A better use case in this category may be knowing via some data source if someone has a valid passport, and assuming they do not, that they currently do not participate in hazardous travel (and hence do not need to be asked); or using credit card or smart phone data sources and determining from that only travel for safer destinations has been purchased, and that no hazardous sports or activities have been paid for or recorded.

What to consider

We have created a framework that one could consider using when assessing the value of new alternative data sources. This framework will help you address the different ways in which both underwriting and pricing are impacted.

Context: Who will you target?

Prevalence of rate-able conditions are very different by age. Younger applicants are less likely to have current medical conditions, or less significant family history, and not knowing those may have far less portfolio impact compared to not knowing them in a middle-aged applicant group. Older applicants may have outlived their family history risk, and travel and even risky avocations may imply high levels of health and resilience that could even counterbalance the increased risks these bring. Knowing your context, who the target market will be, and what their health or behaviour profile is, can help better understand and thereby price the portfolio more accurately which results in a better mitigation of the risks when considering alternative data.

Correlations: What are the impacts of the risks that are you missing?

Combining target market knowledge above, with known prevalence of risk – based on previously underwritten applicants or research in a market – will help understand what risks may be missed, particularly where the replacement is not 1-for-1 i.e. 1-formany replacement, or dropping medical or non-medical questions), or the protective value is less than the risk factor being replaced. Being able to monitor those risks closely, as well as assess the correlations of the new risk factor to any missed risk factors is important when reducing the risk factor information collected and used.
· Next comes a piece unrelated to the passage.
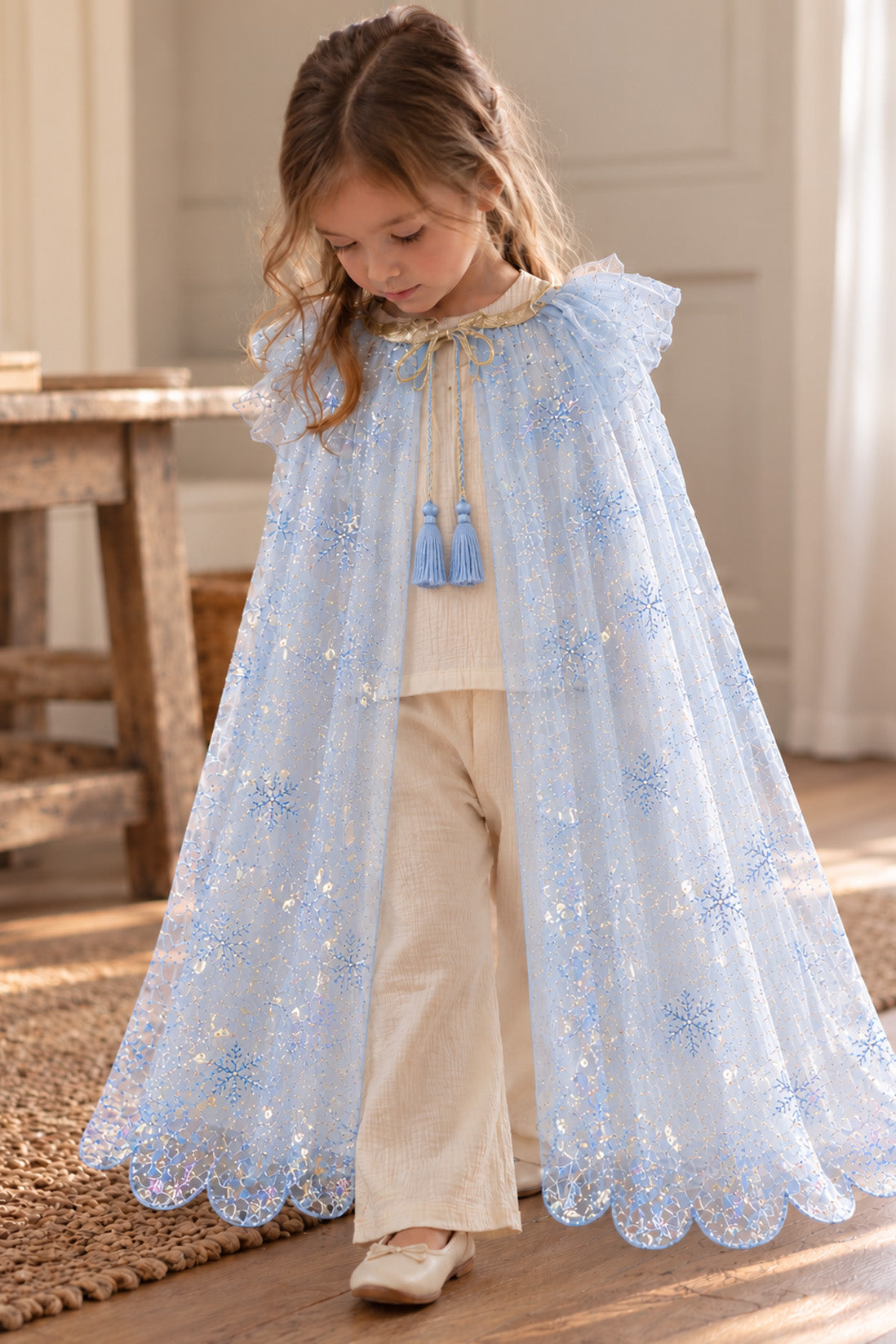 Snowflake Cape in Powder Blue ~ in a Pink Satin Drawstring Bag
Credibility: The flaw of relying solely on “Predictive” studies

Predictive studies often compare the predictive value of one risk factor, or multiple risk factors, to another. While this is useful for considering the overlap of protective value, it is important to realise that there is often no consideration of the non-medical avocation, travel, or occupation risks in these studies. It is simply the comparison of a new risk factor compared to traditional clinical ones. It is important to assess the overall credibility of the risk factors for underwriting, which includes the additional value from the new risk factor as well as the impacts of any missing risk factors. Using NT-proBNP as an alternative to resting ECG because it’s as predictive did not mean that medical or non-medical questions did not need to be asked.
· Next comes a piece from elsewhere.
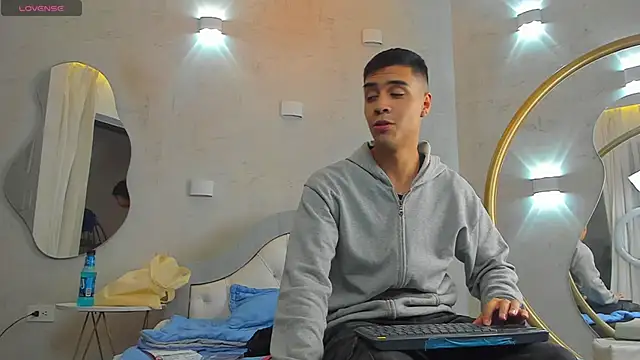 Snapshot of bastian_and_samantha chatting on February 8, 4:05 am bastian and samantha online show from February 8, 4:05 am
Accuracy: Accuracy of matching an underwriting decision

Often “confusing” information is a marketing message for certain new models using alternative data – i.e., that a “new” data’s underwriting decision model has a high accuracy (e.g., 99%) matching traditional underwriting outcomes. This needs to be understood in the context of an underwritten portfolio. Depending on age and sex, a single additional death per 1000 or even per 2000 in a year can double the expected claims and lead to significant losses. Matching 99% of traditional underwriting is not sufficient if e.g., 1 in 20 of the 1% that are missed by the new underwriting method or model (i.e., 1 per 2000) have a high mortality risk that would lead to an additional short-term death.

Anti-selection: How will you be anti-selected against?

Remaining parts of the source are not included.